RIM : Vous avez réalisé un bel exemple d’événement commun avec « Encore ! », journée de réouverture du lieu, où l’ensemble du site était investi par des propositions artistiques très diverses. Est ce que vous avez pour les mois à venir d’autres projets collectifs et transversaux ?

Yann : J’entrevois clairement, dès 2019, un événement à l’échelle du site. Et la réflexion autour d’un événement de ce type ne peut s’envisager sans dialogue entre l’ensemble des habitants du lieu.

Virginie : Sur des événements plus petits ce sont déjà des choses vers lesquelles on tend avec les différents curateurs, peut-être même plus que la journée d’ouverture, puisque même si nous y avons effectivement proposé des choses ensemble, nous n’avons pas vraiment réfléchi au sens commun des différentes propositions artistiques présentées. Alors qu’aujourd’hui, sur des propositions qui ne sont pas forcément de l’ordre d’un festival – même si ce type d’événement fédérateur est important – on va vraiment essayer d’aller voir ce que chacun peut apporter et aboutir à une proposition qui soit vraiment pensée ensemble.

Mathilde : Il y a déjà eu des choses effectivement dans les 3 mois passés. On est sur des échelles très différentes qu’« Encore ! », mais la volonté et la démarche restent les mêmes. Ce sont des choses qui se poursuivront dès le prochain trimestre.

Lionel : La transversalité, Transat la vit au quotidien. Comme la boutique sert également d’accueil en étant ouverte tous les jours de la semaine, je suis là aussi pour créer ce premier contact avec les gens aussi bien pour les diriger vers les expositions d’art contemporain, la Fanzinothèque ou les programmations musicales que je suis en mesure de leur expliciter.

 

RIM : Vous accueillerez l’AG du RIM les 15 et 16 mai. Qu’est ce que cela représente pour vous ?

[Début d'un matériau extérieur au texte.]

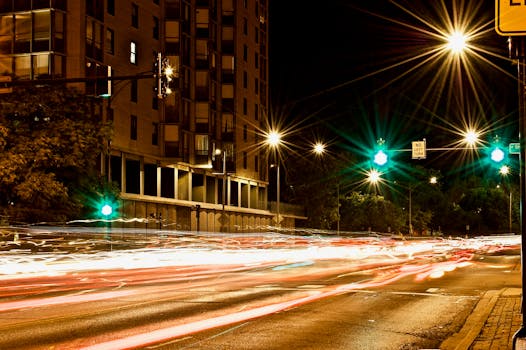 Long exposure shot of a city street at night, capturing vibrant light trails and urban ambiance.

Yann : Déjà, c’est un réseau très important et novateur à l’échelle d’une région qui est désormais immense. Unique par bien des aspects avec par exemple la signature du premier Contrat de Filière Musiques Actuelles & Variétés en France. On a beaucoup participé, que ce soit l’Oreille est Hardie ou Jazz à Poitiers, au réseau pré-existant qu’était le PRMA Poitou-Charentes et on a ensuite été proactifs lors de la création du RIM. Et enfin, on a désormais un espace qui nous permet de recevoir ce type d’événement avec ce qu’on peut offrir en terme de capacité et qualité d’accueil. C’est donc un grand plaisir de recevoir le réseau, mais aussi de montrer notre lieu, puisque finalement c’est encore très récent. On est très content de présenter celui-ci afin d’avoir des regards d’autres professionnels de notre secteur !

Daniel Rodriguez, directeur de la Locomotive (Tarnos) lors de la 1ère AG du RIM ©Mathieu Prat

Assemblée Générale du Réseau des Indépendants de la Musique (RIM) Nouvelle-Aquitaine ©Mathieu Prat

RIM : Vous accueillerez également le prochain congrès du SMA les 18 & 19 septembre !

Mathilde : La démarche et l’envie exprimées par Yann pour l’accueil de l’AG du RIM sont à peu près transposables. L’envie d’accueillir, c’est ce qui nous lie ici, donc pourquoi pas accueillir aussi des professionnels. On le fait donc en s’appuyant sur les réseaux dont on fait partie et qui sont structurants pour la filière musicale.